Stable and boring Nokia?

05 May 2014

Nokia appointed Rajeev Suri, the former NSN CEO, as its new president and CEO. The company said that it would use most of its phone business sale cash to issue dividends, pay back old loans and buy back its own shares. It also plans to focus on networking (NSN), its map and navigation business (HERE) and managing its IPR’s (Advanced Technologies). But is it something new and can we see investments in the future?

NSN represents over 85% of the new Nokia’s revenue. HERE is small business and its results have been negative or very marginal. Advanced Technologies has solid but small operating profit. One key question regarding Advanced Technologies is, how it can create and maintain a relevant patent portfolio, as the company now has no handset unit and also the research center is much smaller than it used to be.

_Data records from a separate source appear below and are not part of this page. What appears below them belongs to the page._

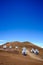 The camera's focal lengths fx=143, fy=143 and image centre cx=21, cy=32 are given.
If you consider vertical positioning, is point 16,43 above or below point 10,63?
above

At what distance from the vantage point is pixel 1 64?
18109mm

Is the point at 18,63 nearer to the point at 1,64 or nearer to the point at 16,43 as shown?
the point at 1,64

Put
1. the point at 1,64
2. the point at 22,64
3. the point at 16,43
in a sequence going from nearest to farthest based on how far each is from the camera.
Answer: the point at 1,64
the point at 22,64
the point at 16,43

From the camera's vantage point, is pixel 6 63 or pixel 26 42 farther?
pixel 26 42

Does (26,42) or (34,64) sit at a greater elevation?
(26,42)

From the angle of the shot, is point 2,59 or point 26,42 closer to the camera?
point 2,59

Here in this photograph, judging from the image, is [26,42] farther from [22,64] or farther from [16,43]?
[22,64]

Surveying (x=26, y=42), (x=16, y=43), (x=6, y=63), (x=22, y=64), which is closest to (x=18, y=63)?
(x=22, y=64)

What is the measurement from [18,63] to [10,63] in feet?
4.25

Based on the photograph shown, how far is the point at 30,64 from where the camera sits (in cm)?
2009

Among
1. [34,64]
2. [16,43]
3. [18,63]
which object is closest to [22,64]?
[18,63]

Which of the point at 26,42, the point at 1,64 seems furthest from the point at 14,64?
the point at 26,42

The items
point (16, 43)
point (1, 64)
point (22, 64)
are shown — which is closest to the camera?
point (1, 64)

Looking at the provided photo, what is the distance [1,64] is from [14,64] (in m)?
1.74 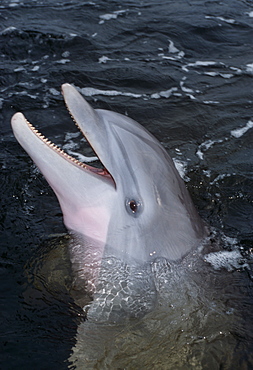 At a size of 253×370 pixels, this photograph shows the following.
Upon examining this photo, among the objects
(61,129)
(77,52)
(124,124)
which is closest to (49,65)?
(77,52)

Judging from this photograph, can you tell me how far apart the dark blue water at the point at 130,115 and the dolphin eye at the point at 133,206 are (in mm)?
1031

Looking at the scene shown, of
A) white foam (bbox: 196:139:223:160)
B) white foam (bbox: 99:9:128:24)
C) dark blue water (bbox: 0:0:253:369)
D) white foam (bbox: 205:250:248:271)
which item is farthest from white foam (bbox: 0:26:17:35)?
white foam (bbox: 205:250:248:271)

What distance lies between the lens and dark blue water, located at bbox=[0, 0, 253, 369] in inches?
193

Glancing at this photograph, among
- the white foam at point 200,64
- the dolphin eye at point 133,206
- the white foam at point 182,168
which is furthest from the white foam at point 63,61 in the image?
the dolphin eye at point 133,206

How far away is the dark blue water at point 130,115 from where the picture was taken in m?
4.89

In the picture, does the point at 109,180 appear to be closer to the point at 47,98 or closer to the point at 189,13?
the point at 47,98

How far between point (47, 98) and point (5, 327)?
5.42 metres

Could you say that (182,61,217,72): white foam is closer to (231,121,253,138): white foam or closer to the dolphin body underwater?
(231,121,253,138): white foam

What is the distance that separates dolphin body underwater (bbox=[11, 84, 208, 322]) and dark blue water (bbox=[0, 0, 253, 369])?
13.1 inches

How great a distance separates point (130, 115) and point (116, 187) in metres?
4.58

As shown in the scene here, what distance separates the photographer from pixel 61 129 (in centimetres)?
870

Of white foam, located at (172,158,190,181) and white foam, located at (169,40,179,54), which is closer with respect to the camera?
white foam, located at (172,158,190,181)

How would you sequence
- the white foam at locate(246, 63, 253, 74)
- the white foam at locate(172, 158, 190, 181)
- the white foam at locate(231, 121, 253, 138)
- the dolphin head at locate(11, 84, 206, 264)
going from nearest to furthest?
1. the dolphin head at locate(11, 84, 206, 264)
2. the white foam at locate(172, 158, 190, 181)
3. the white foam at locate(231, 121, 253, 138)
4. the white foam at locate(246, 63, 253, 74)

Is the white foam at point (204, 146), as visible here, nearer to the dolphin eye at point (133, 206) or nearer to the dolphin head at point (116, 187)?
the dolphin head at point (116, 187) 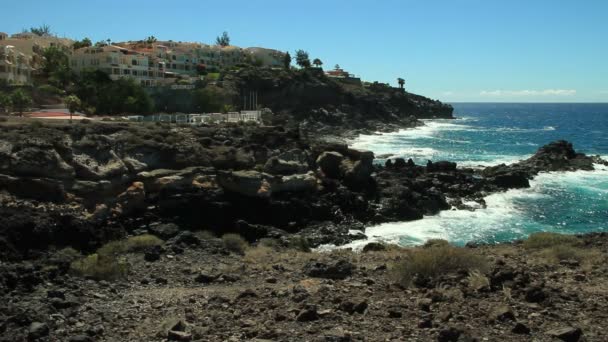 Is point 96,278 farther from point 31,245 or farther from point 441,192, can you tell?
point 441,192

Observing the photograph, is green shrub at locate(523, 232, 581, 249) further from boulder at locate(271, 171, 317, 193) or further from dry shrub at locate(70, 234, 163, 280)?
dry shrub at locate(70, 234, 163, 280)

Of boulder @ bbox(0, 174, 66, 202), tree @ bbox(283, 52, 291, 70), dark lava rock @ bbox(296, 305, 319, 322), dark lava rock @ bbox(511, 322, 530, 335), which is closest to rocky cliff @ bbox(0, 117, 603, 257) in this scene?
boulder @ bbox(0, 174, 66, 202)

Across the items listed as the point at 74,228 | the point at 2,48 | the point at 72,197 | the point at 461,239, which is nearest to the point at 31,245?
the point at 74,228

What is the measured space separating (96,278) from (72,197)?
33.5 ft

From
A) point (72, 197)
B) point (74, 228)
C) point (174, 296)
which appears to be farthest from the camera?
point (72, 197)

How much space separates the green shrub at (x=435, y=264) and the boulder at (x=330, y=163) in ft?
71.2

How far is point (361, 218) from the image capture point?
33.9 meters

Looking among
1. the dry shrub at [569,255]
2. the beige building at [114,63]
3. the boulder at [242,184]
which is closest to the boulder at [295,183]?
the boulder at [242,184]

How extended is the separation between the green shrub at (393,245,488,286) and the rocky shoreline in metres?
0.77

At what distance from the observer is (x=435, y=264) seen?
15.6m

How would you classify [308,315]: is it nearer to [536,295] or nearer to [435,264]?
[435,264]

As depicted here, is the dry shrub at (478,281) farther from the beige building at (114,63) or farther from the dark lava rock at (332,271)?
the beige building at (114,63)

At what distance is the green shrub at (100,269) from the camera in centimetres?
1761

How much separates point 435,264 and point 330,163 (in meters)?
22.8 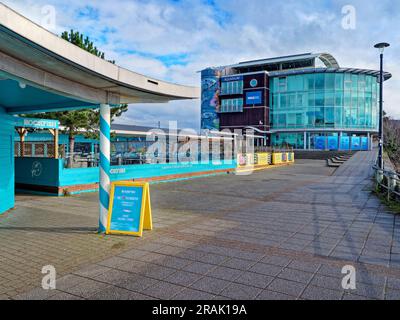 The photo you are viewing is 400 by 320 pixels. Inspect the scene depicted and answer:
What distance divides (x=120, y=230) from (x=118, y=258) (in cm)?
139

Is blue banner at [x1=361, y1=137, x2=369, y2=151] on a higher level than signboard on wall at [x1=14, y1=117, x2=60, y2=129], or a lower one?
higher

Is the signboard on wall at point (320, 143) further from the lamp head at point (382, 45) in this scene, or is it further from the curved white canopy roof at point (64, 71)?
the curved white canopy roof at point (64, 71)

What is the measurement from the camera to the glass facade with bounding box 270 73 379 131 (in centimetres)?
5081

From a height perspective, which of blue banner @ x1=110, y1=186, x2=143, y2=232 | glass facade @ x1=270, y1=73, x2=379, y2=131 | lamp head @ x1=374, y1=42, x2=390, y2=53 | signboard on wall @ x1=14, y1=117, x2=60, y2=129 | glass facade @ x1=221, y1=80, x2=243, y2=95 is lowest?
blue banner @ x1=110, y1=186, x2=143, y2=232

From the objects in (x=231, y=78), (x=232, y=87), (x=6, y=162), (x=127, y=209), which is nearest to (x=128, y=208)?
(x=127, y=209)

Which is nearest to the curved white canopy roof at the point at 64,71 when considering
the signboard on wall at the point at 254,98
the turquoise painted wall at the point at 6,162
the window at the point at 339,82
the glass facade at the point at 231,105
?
the turquoise painted wall at the point at 6,162

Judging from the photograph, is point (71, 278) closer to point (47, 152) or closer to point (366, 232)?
point (366, 232)

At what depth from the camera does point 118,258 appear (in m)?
5.13

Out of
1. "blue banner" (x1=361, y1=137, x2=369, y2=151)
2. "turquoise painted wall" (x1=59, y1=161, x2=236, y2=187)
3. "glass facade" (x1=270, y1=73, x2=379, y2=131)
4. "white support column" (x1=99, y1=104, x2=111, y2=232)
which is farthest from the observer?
"glass facade" (x1=270, y1=73, x2=379, y2=131)

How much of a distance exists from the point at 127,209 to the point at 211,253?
2.10 metres

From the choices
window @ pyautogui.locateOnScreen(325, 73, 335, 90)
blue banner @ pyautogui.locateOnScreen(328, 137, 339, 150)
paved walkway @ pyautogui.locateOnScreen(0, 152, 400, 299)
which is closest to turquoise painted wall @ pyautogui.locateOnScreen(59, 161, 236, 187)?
paved walkway @ pyautogui.locateOnScreen(0, 152, 400, 299)

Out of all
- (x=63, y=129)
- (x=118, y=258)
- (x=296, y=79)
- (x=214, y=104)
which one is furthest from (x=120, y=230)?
(x=214, y=104)

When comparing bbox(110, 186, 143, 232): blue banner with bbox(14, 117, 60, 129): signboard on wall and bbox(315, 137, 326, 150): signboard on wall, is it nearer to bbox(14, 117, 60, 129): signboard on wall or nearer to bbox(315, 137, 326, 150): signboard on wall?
bbox(14, 117, 60, 129): signboard on wall

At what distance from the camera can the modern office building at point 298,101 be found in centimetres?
5088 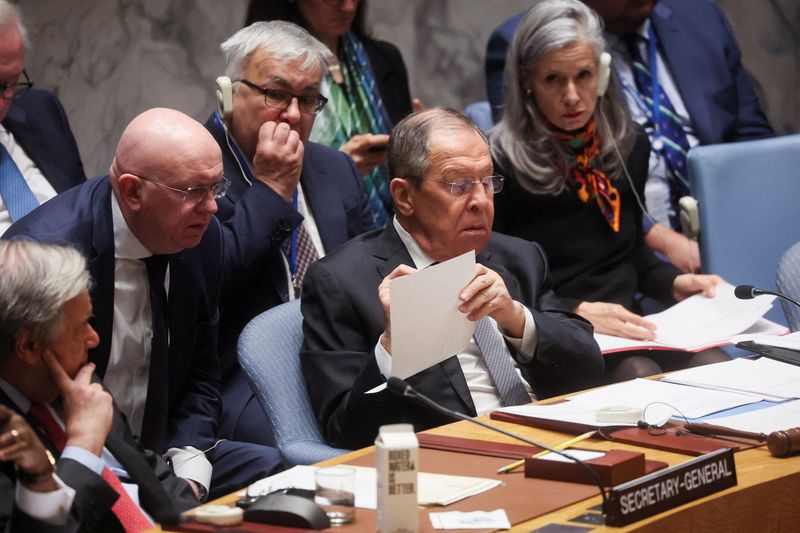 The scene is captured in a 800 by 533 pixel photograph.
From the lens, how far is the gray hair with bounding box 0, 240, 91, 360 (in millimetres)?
2178

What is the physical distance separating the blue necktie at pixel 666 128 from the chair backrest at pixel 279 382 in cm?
212

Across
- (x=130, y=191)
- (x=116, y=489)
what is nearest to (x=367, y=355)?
(x=130, y=191)

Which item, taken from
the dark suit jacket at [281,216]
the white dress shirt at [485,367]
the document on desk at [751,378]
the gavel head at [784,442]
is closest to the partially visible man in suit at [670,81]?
the dark suit jacket at [281,216]

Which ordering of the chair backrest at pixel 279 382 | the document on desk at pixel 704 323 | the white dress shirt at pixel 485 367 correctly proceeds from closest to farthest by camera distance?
the chair backrest at pixel 279 382 → the white dress shirt at pixel 485 367 → the document on desk at pixel 704 323

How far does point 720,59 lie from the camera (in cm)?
487

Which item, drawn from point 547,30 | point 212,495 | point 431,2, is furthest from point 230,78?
point 431,2

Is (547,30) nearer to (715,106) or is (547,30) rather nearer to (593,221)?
(593,221)

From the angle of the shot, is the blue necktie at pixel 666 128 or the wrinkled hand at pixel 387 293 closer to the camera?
the wrinkled hand at pixel 387 293

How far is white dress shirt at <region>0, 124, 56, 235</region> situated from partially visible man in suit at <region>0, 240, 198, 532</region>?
4.81 feet

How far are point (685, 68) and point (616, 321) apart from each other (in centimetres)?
156

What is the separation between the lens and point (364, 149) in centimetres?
425

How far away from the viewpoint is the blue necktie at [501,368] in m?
3.00

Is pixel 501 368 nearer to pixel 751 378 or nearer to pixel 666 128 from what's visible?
pixel 751 378

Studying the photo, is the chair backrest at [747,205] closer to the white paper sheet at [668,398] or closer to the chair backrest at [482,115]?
Result: the chair backrest at [482,115] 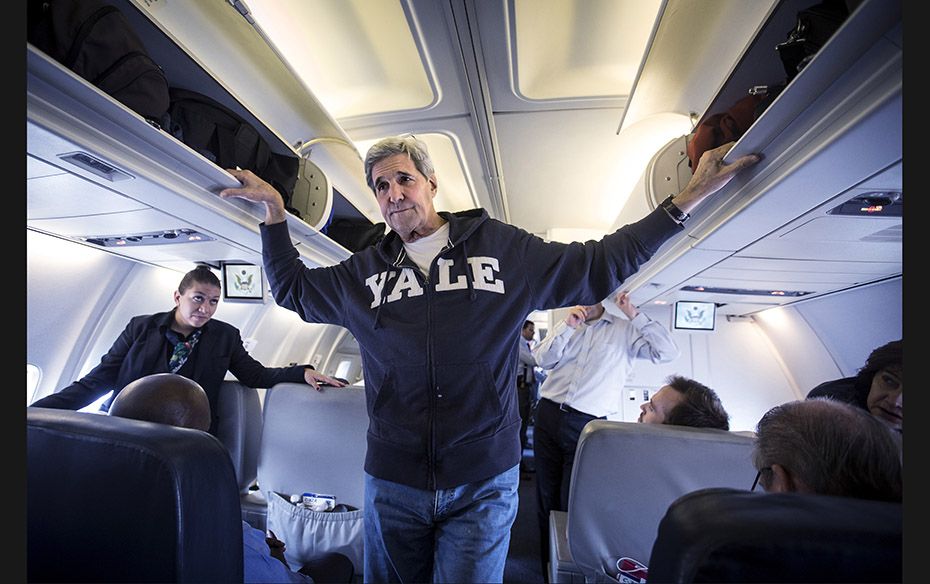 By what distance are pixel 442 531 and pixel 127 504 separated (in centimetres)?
91

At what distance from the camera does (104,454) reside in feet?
2.45

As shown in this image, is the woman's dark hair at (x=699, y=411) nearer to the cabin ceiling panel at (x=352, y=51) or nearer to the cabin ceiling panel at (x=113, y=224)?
the cabin ceiling panel at (x=352, y=51)

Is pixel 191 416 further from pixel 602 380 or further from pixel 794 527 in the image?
pixel 602 380

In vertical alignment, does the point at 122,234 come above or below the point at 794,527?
above

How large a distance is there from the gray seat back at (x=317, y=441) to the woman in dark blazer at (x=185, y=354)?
21 cm

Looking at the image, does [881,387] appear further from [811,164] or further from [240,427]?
[240,427]

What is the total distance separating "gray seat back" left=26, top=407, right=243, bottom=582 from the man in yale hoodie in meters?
0.62

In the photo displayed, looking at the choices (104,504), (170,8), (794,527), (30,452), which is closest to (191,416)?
(30,452)

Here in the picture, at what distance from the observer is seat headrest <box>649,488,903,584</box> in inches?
18.9

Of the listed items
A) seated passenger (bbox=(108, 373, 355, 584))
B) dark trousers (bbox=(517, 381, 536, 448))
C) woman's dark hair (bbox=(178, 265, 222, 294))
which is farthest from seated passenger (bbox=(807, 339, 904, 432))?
dark trousers (bbox=(517, 381, 536, 448))

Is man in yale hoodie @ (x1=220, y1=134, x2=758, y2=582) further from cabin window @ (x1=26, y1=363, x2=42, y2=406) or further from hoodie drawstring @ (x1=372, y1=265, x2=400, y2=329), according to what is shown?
cabin window @ (x1=26, y1=363, x2=42, y2=406)

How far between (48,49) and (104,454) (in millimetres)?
1510

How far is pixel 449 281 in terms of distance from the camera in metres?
1.43

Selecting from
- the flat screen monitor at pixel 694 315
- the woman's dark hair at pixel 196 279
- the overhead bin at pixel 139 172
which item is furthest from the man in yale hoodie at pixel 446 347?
the flat screen monitor at pixel 694 315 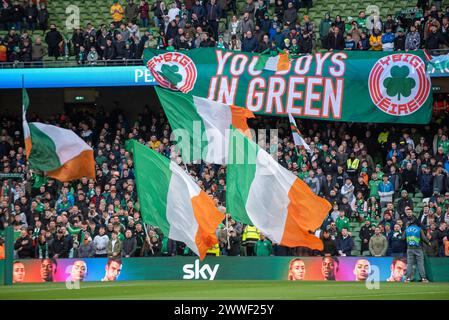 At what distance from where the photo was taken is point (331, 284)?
75.8 ft

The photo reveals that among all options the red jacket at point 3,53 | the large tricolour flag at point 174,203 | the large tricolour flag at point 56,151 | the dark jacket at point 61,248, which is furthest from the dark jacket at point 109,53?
the large tricolour flag at point 174,203

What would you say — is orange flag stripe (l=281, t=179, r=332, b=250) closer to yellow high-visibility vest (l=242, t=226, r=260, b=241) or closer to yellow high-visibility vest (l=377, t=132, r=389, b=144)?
yellow high-visibility vest (l=242, t=226, r=260, b=241)

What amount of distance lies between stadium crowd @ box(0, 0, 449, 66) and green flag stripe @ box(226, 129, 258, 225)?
26.9 ft

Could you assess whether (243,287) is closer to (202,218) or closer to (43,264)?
(202,218)

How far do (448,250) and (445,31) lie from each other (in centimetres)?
752

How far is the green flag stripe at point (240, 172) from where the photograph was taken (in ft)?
72.7

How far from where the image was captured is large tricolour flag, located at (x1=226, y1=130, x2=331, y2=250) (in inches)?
855

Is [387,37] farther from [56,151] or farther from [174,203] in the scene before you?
[174,203]

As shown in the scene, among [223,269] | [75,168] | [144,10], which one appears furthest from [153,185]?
[144,10]

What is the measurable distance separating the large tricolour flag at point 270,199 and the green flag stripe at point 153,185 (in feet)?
4.33

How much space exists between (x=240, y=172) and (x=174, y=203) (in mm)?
1490

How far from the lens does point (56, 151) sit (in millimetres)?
27344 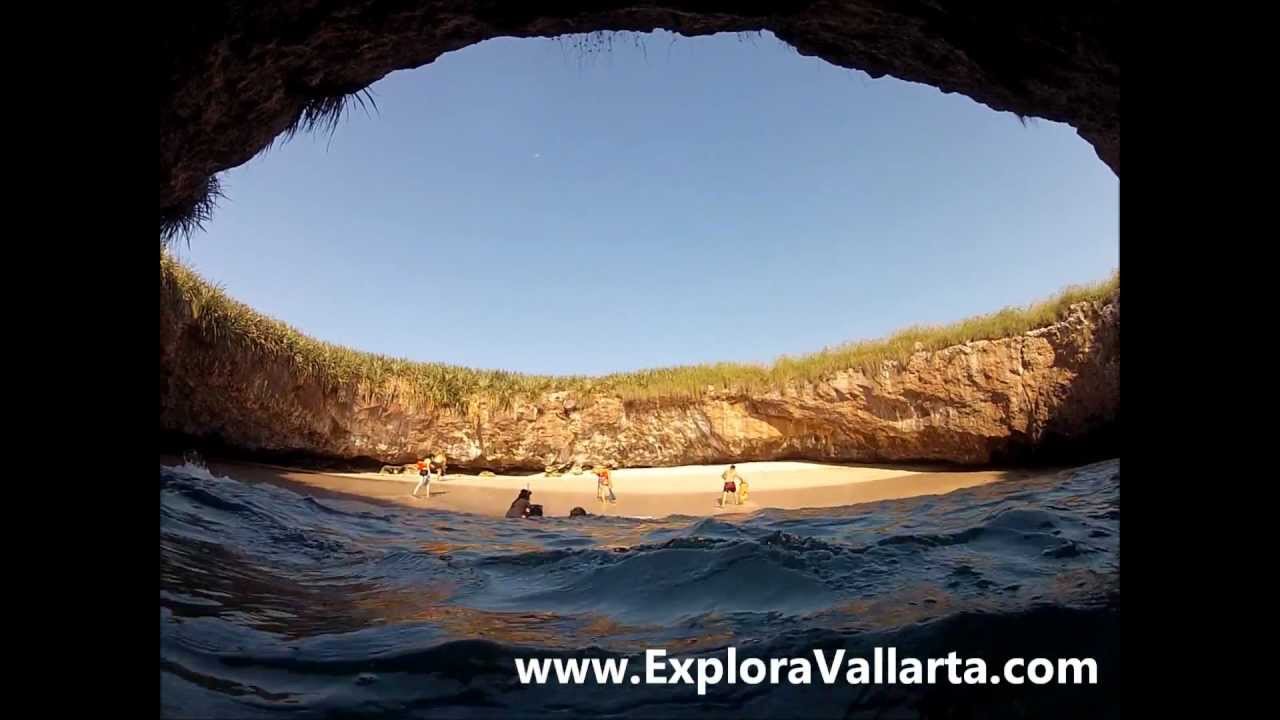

Nokia got over €5 billion from the handset business and its patent licenses from Microsoft. Many parties waited to see Nokia’s new strategy and how Nokia is going to use that money. Is Nokia going to start some new businesses, maybe acquire some companies, or start significant new research work? For example, wearable technology has been in some speculations, or if NSN is to acquire a competitor.

Chairman Risto Siilasmaa and CEO Rajeev Suri presented the new strategy in the last week. The main messages were that 1) NSN continues in its network business with a clear focus, 2) HERE continues with maps, location services and navigation, especially focusing on getting business from the automobile industry, and it also focuses on cloud based location services. So, nothing new there. Now that they also said that the phone business money goes to shareholders and lenders, there’s no reason to expect new leaps with acquisition and new projects.

The announcements were disappointing to those who expected Nokia could again do something new and innovative. Nokia has been a leading technology company in Europe and it has been one of the only few big consumer and communications technology providers outside the US. In that way the decline of Nokia has also had symbolic and geographical significance. US companies now also dominate the mobile ecosystems.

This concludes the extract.